Village in Northumberland, England

Hedley on the Hill is a village in Northumberland, England. It is located between the valley of the River Derwent, and the watershed to the River Tyne. The village is close to Newcastle upon Tyne. It is also situated close to the villages of Stocksfield and Chopwell as well as to the town of Hexham. It offers views along the Tyne Valley, over to the Pennines and even towards the Cheviot Hills on the Scottish border.

==History==
Hedley appears to have escaped rather unscathed in the wars between England and Scotland that occurred before the union. There are no records of any battles in the area. Similarly, there is no record of any activity involving border reivers (tribal leaders and outlaws that fought across the Scottish/English border) in the village.

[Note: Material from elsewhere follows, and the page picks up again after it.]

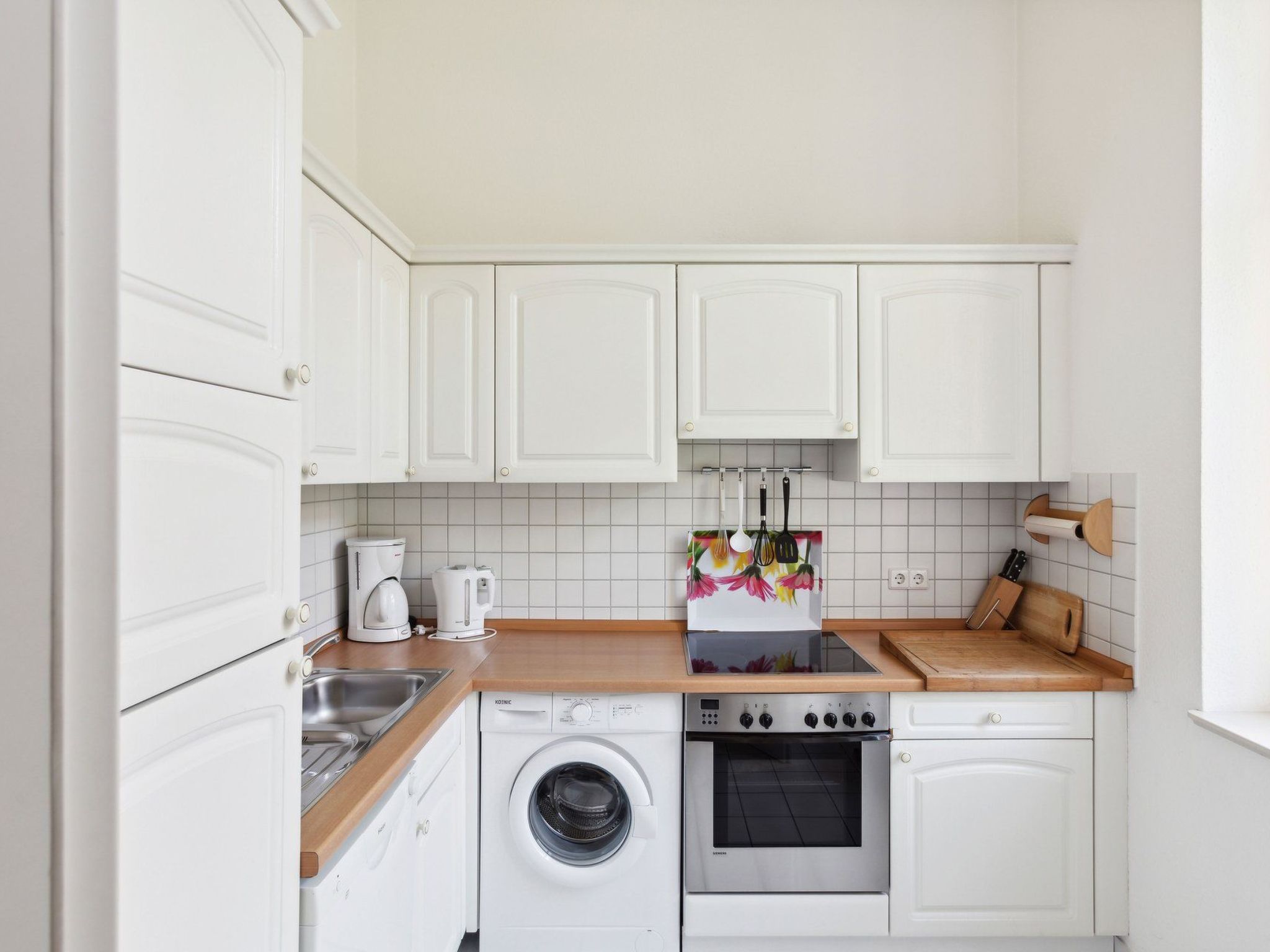 Gründerzeitvilla-Dedans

This has enabled it to develop in relative isolation, with mining and quarrying being the prominent industries since the eighteenth century.

Hedley on the Hill is also close to Hadrian's Wall a World Heritage Site and located in the far south of "Hadrian's Wall Country".

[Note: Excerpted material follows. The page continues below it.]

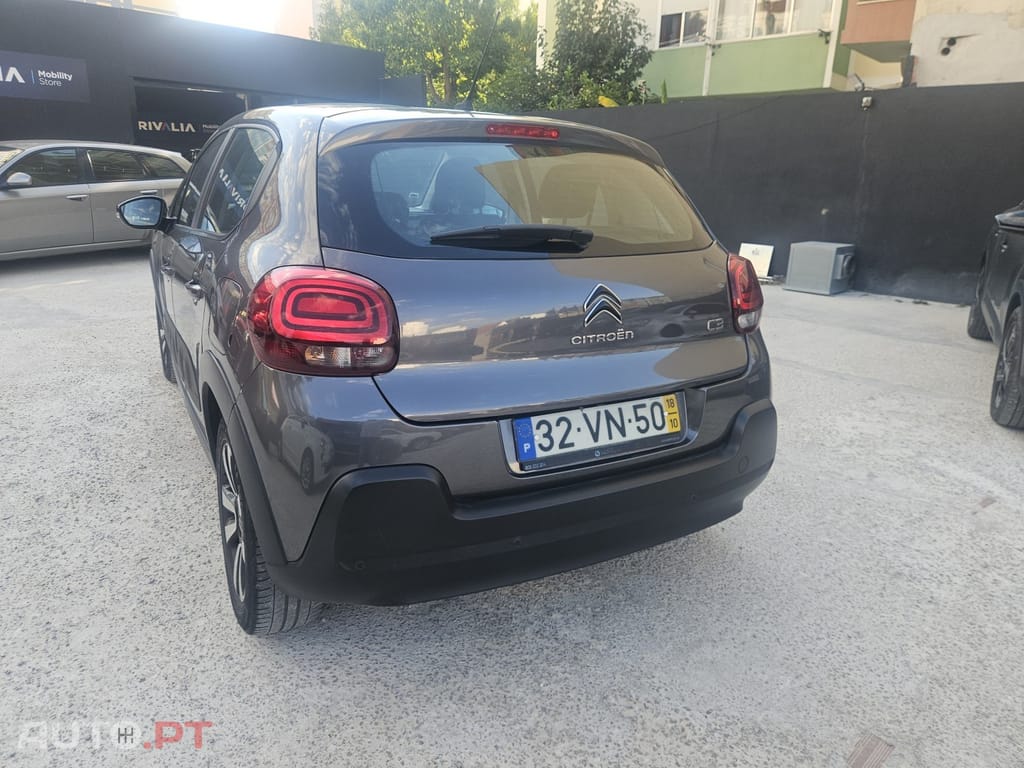 Citroen C3 1.2 PureTech C-Series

The village is said to have once been home to a bogle known as The Hedley Kow.

==Culture==
The village holds numerous events including the annual barrel race in which contestants, usually in pairs, run up the hill to the pub with a barrel of beer. The barrel race is run every bank holiday Monday, and organised by The Feathers Inn. Competitors carry an empty nine-gallon beer barrel, over a 1.5-mile course. The Feathers Inn in Hedley-on-the-Hill was named the Great British Pub of the Year 2011.

It is also popular with gliding enthusiasts, being the closest village to the Northumbria Gliding Club in Leadgate.

== Governance ==

Hedley is in the parliamentary constituency of Hexham.